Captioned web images
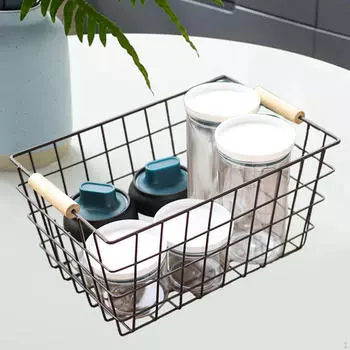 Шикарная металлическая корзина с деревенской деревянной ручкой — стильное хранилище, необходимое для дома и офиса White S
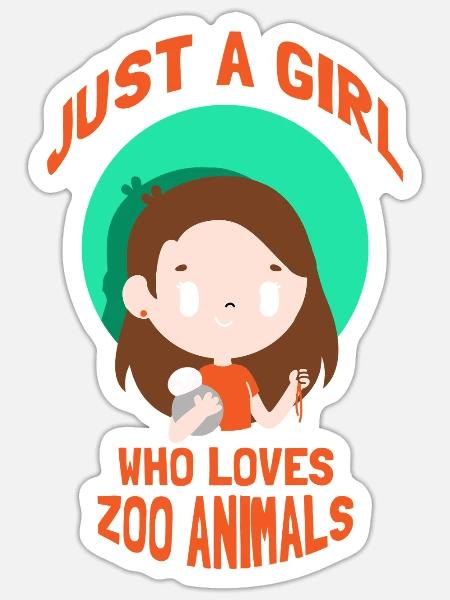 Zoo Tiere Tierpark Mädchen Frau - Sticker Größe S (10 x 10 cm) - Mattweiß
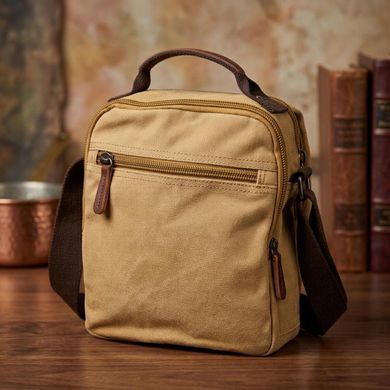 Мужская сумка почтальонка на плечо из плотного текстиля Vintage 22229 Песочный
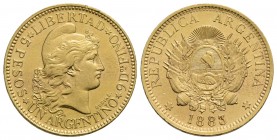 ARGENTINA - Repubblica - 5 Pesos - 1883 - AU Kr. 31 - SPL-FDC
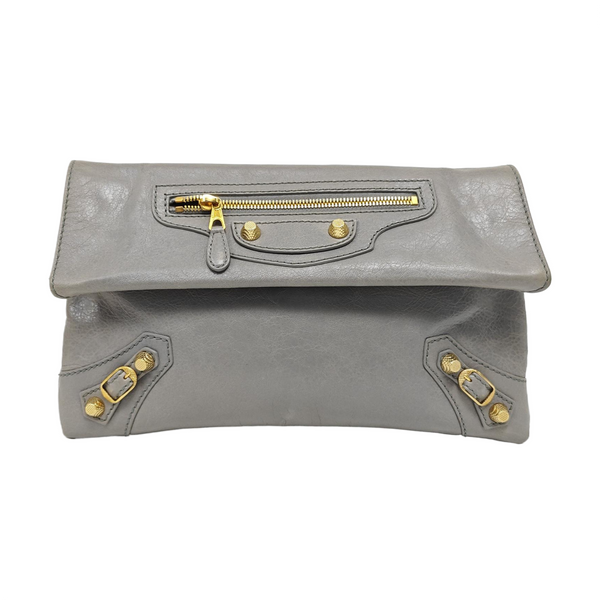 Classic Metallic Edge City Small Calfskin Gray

=== YOUR TASK ===
Copy every entry above exactly as it stands, but leave the pictures out.

=== OUTPUT FOR THIS TASK ===
 Шикарная металлическая корзина с деревенской деревянной ручкой — стильное хранилище, необходимое для дома и офиса White S
 Zoo Tiere Tierpark Mädchen Frau - Sticker Größe S (10 x 10 cm) - Mattweiß
 Мужская сумка почтальонка на плечо из плотного текстиля Vintage 22229 Песочный
 ARGENTINA - Repubblica - 5 Pesos - 1883 - AU Kr. 31 - SPL-FDC
 Classic Metallic Edge City Small Calfskin Gray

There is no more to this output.